Without its pictures, the listing below is to be transcribed exactly.

## INFORMATION SUPPLIED

=== Begin Enclosure ===

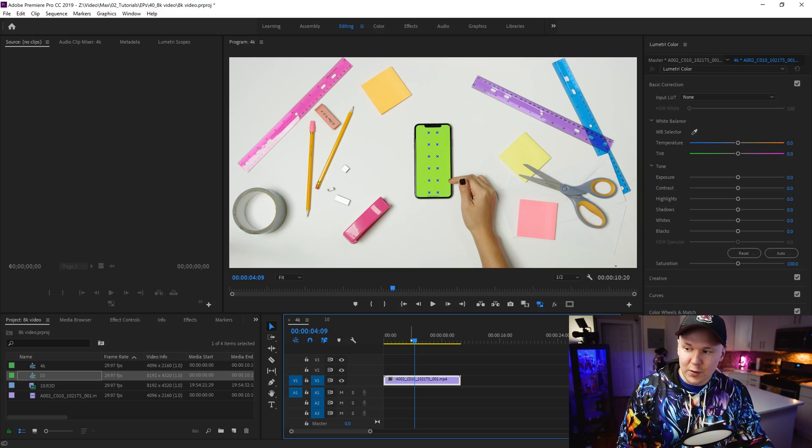What is up guys, Max here, welcome back to another tutorial. Today we're learning how to export 8K footage inside Premiere Pro CC 2019. You may ask why we need to export 8K footage — honestly it doesn't matter why you want to do it, you might as well learn how. So that's what we're here for today. Hopefully this helps out.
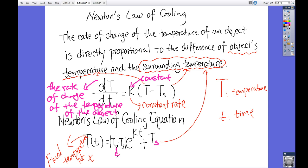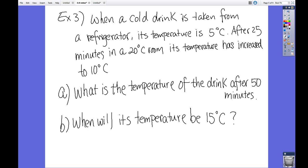For example, imagine putting something in the microwave. Ts is the surrounding temperature, k is constant, and t is time after placing it. T(t) gives the final temperature. Now here's a problem: when a cold drink is taken from a refrigerator at 5°C and placed in a room of 20°C, after 25 minutes its temperature has increased to 10°C. What's the temperature after 15 minutes?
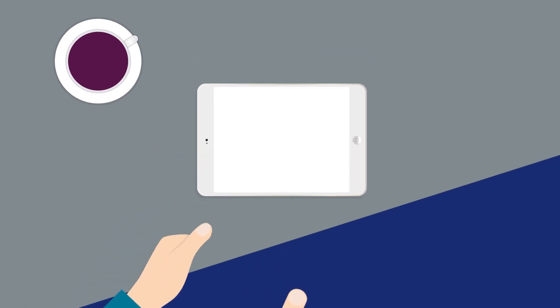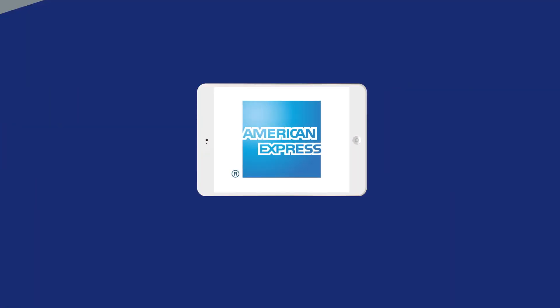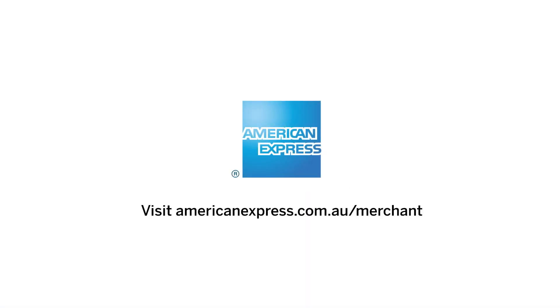Manage your account quickly and easily online with the American Express Merchant website.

=== End Enclosure ===

## RESULT BELOW
What is up guys, Max here, welcome back to another tutorial. Today we're learning how to export 8K footage inside Premiere Pro CC 2019. You may ask why we need to export 8K footage — honestly it doesn't matter why you want to do it, you might as well learn how. So that's what we're here for today. Hopefully this helps out.
For example, imagine putting something in the microwave. Ts is the surrounding temperature, k is constant, and t is time after placing it. T(t) gives the final temperature. Now here's a problem: when a cold drink is taken from a refrigerator at 5°C and placed in a room of 20°C, after 25 minutes its temperature has increased to 10°C. What's the temperature after 15 minutes?
Manage your account quickly and easily online with the American Express Merchant website.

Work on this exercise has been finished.